É lindo e reconfortante ver tanta gente pronta para ajudar. Tenho um amigo empresário que ficaria furioso se eu revelasse aqui o seu nome. Passou o fim de semana na água, resgatando homens, mulheres e crianças. Não fez propaganda e nem postou nada nas redes. Fez porque tinha de fazer. Não é caridade. É justiça. Nada contra quem divulga suas boas ações. Elas certamente são inspiradoras e motivam muita gente a colaborar. Mas, fazer é mais importante do que dizer.
Essa rede de solidariedade é comovente. Pessoas abrindo os seus armários e os seus depósitos para estender a mão a quem perdeu tudo. Esses são momentos delicados, altamente emocionais, em que todos ficamos, justificadamente, comovidos. Por isso, explico: o que vou escrever a seguir não pretende diminuir em nada os gestos que estão a acontecer. Mas eles, por mais necessários que sejam, carregam um paradoxo invisível. Meu convite é para uma reflexão, não para um julgamento.
O fato de tanta gente dispor de tantas roupas e objetos que não usa, ou dos quais não precisa, é uma das causas da tragédia que essas roupas e objetos agora tentam mitigar.
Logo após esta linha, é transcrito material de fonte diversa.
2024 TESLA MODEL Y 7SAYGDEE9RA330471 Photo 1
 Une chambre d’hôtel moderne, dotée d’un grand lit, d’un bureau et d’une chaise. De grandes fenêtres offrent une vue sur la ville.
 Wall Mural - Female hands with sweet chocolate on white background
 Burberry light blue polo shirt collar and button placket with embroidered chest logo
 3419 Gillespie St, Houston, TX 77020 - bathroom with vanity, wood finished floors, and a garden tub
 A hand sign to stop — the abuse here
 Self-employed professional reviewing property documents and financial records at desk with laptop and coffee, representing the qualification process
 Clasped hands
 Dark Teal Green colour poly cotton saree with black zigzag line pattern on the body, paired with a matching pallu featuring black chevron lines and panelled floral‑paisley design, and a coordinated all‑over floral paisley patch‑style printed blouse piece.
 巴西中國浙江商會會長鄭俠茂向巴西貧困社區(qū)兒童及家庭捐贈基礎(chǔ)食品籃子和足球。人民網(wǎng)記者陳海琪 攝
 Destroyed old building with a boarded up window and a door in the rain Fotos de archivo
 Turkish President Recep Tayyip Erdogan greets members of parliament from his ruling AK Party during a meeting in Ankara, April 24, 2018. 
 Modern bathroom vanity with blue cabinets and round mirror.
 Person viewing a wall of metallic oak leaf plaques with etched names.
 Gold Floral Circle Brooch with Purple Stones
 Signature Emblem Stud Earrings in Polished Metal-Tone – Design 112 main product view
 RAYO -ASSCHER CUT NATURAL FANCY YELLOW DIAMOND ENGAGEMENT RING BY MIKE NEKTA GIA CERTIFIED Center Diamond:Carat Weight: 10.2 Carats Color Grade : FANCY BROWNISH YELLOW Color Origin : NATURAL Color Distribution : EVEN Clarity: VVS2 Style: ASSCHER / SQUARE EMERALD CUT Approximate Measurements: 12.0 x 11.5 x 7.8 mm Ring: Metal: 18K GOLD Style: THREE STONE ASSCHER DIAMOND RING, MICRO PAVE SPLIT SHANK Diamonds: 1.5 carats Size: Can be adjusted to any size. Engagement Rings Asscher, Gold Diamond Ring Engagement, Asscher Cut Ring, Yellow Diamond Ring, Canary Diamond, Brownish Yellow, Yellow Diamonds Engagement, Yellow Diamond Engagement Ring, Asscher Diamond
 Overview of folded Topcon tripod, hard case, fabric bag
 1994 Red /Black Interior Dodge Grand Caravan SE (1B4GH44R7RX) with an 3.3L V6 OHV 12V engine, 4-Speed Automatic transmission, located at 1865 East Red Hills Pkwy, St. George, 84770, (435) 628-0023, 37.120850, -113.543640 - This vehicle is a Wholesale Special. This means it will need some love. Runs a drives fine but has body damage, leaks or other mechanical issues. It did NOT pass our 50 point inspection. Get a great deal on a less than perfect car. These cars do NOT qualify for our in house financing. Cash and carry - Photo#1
Me incluo nisso. Não estou distante do problema ou da solução. Mas...
Se não tivéssemos tantas roupas, eletrodomésticos, estoques e depósitos, o planeta respiraria aliviado. Porque cada coisa que se produz, no modelo que ainda tentamos superar, significa energia, água, emissão de gases, lixo e espaço.
Precisamos, sim, construir diques e estações de água e de energia impermeáveis. Mas, com isso, atacamos os efeitos, não as causas. A contenção, daqui a pouco, será novamente insuficiente, como foi agora o muro da Mauá. Nosso desafio é redesenhar os conceitos de desenvolvimento, de bem-estar e de conforto, para que possamos viver em paz no planeta do qual somos parte. Antes que os foguetes propulsores da nossa metástase a outros pontos do universo não fiquem prontos em tempo para a grande viagem sem volta.
Muita coisa boa tem sido feita. Investimentos em energia limpa, em logística reversa, em sustentabilidade consequente, e não apenas em propaganda. O setor produtivo vem evoluindo e se adaptando, assim como os indivíduos e as instituições.
Mas corremos contra o tempo. E o tempo somos nós mesmos. Continuemos a doar. Mas, depois, teremos de agir com mais velocidade para que o veneno deixe de ser parte do remédio.